Last updated on October 31, 2020
Last night I had sex with my friend’s boyfriend. I have a boyfriend and we’ve had sex before. Whenever I commit a sin, I go back to God and ask for forgiveness. This time, it was different. I tried to ask for forgiveness, but deep within I felt it was not sincere. I am aware of soul ties and that is scaring me. I feel empty, regretful, confused, dirty, and worthless. I feel that I’m so much of a disappointment to both myself, my mom, and most importantly God. I want to get back to Christ fully. I just realized that I don’t keep my word to God. I need counseling and prayers. I do not want to have sex again. I want to fully dedicate my life to Christ.
I’m not certain what you are looking for. I can’t see into your mind and tell if you are sincere or not. I can look at your actions and it appears that you use “asking for forgiveness” as a pass for sin, but you don’t really make any changes in your behavior. Sin tends to be progressive, so over time committing fornication with your boyfriend isn’t enough, now you have moved to sex with your friend’s boyfriend, thereby betraying your friendship along with committing fornication.

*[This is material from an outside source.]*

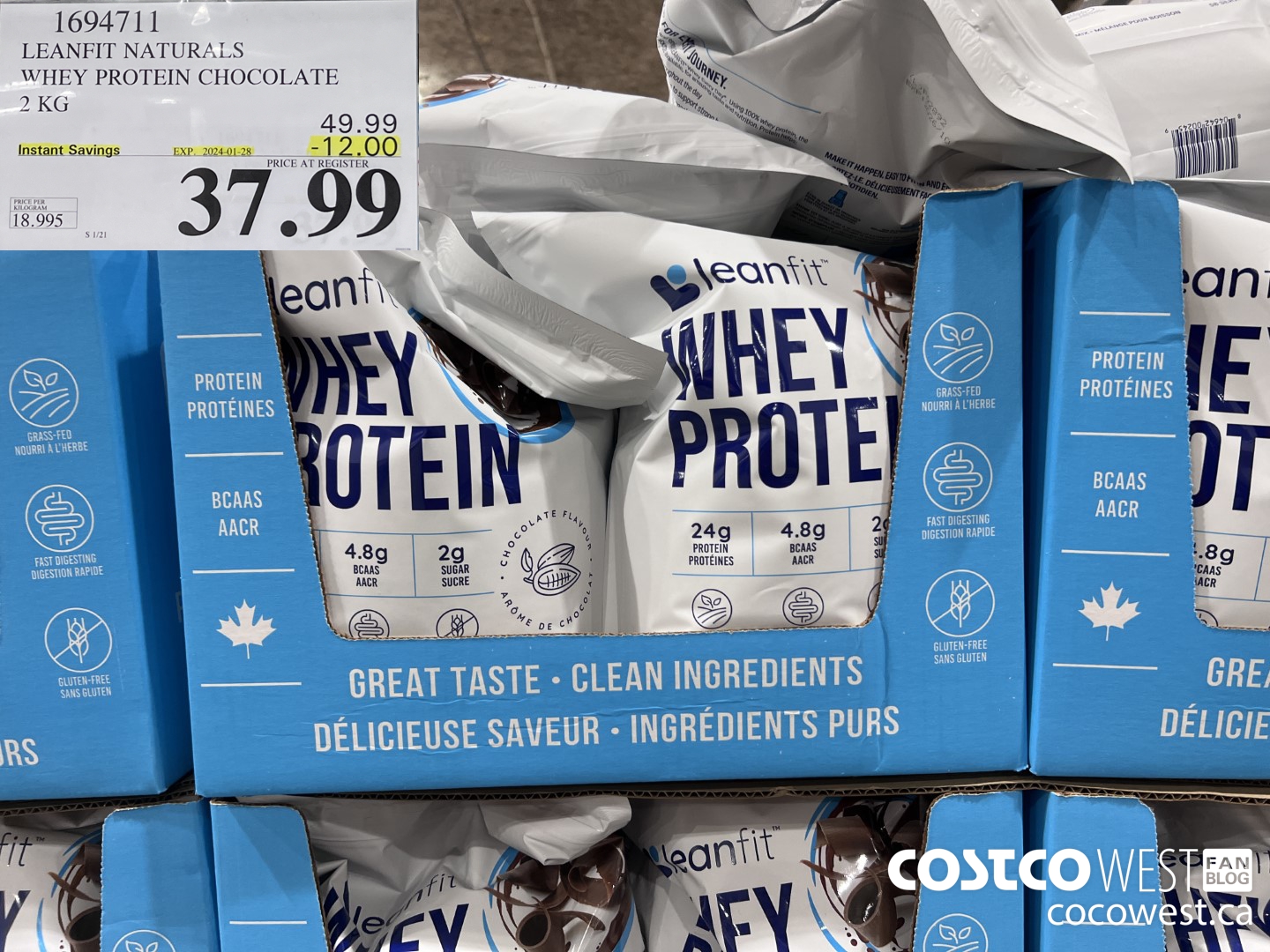 1694711 LEANFIT NATURALS WHEY PROTEIN CHOCOLATE 2 KG ($12.00 INSTANT SAVINGS EXPIRES ON 2024-01-28) $37.99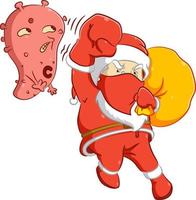 The Santa Claus using the red mask punch a big corona virus vector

I suspect that you decide right and wrong based on your feelings at the moment. In other words, you are impulsive. Feelings are an unreliable indication of what is right. “He who trusts in his own heart is a fool, but whoever walks wisely will be delivered” (Proverbs 28:26). You have to stop using yourself as a guide and be resolved to only do as God directs in His Bible.

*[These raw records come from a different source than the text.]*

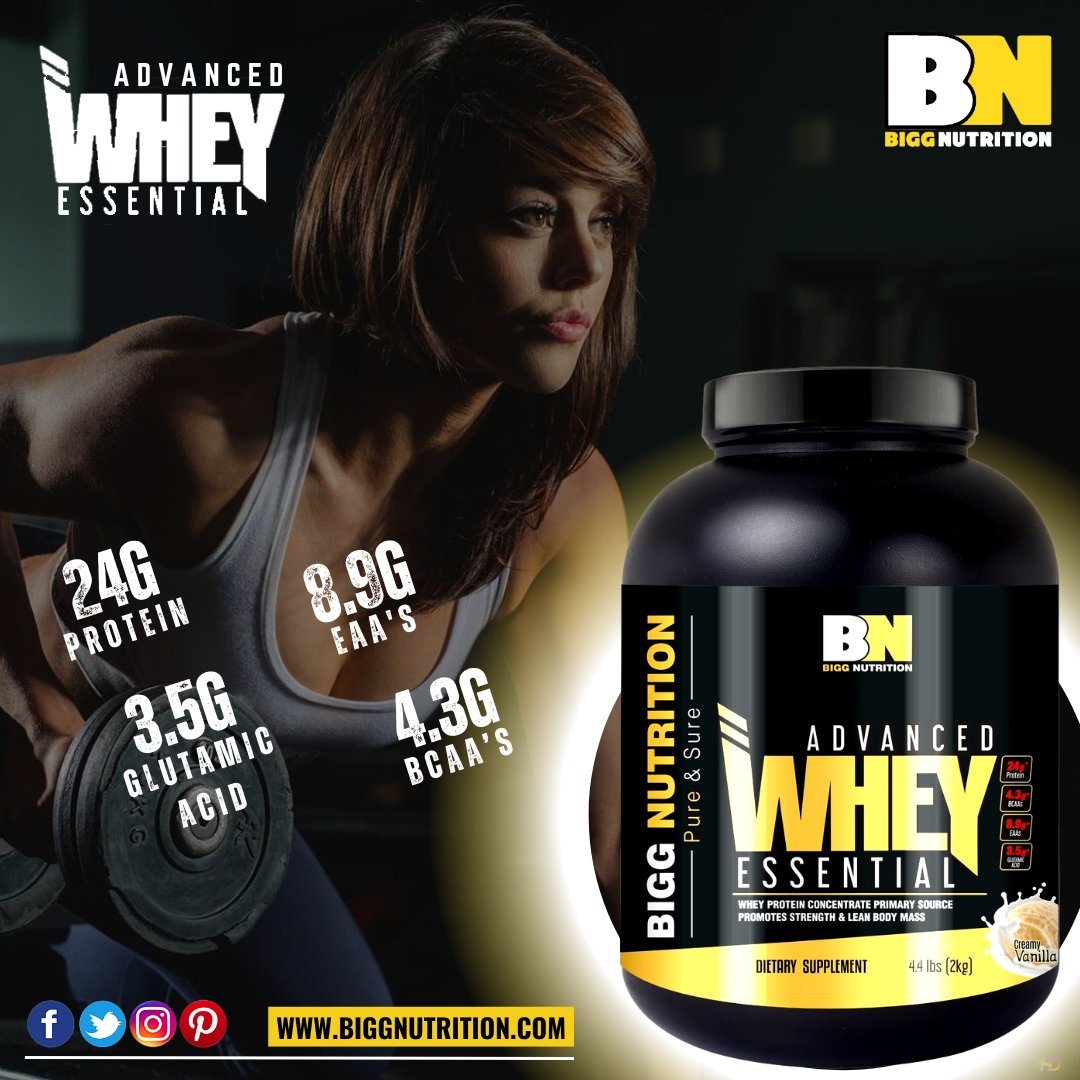 Bigg Nutrition Advanced Whey Essential
High-Quality Whey Protein Isolate
● 24g* Protein
● 4.3g* BCAA;s
● 3.5g* Glutamic Acids
● 8.9g* EAA's
Workout Repair & Recovery
#BiggNutrition That's #ResultsMatter
📞+91 92122 06676
biggnutrition.com

#wheyprotein #protein #whey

With that comes moving beyond feeling sorry for yourself and making radical changes in your life. “For godly sorrow produces repentance leading to salvation, not to be regretted; but the sorrow of the world produces death. For observe this very thing, that you sorrowed in a godly manner: What diligence it produced in you, what clearing of yourselves, what indignation, what fear, what vehement desire, what zeal, what vindication! In all things you proved yourselves to be clear in this matter” (II Corinthians 7:10-11).
No one can make you do what is right. It has to be your own choice and your own doing.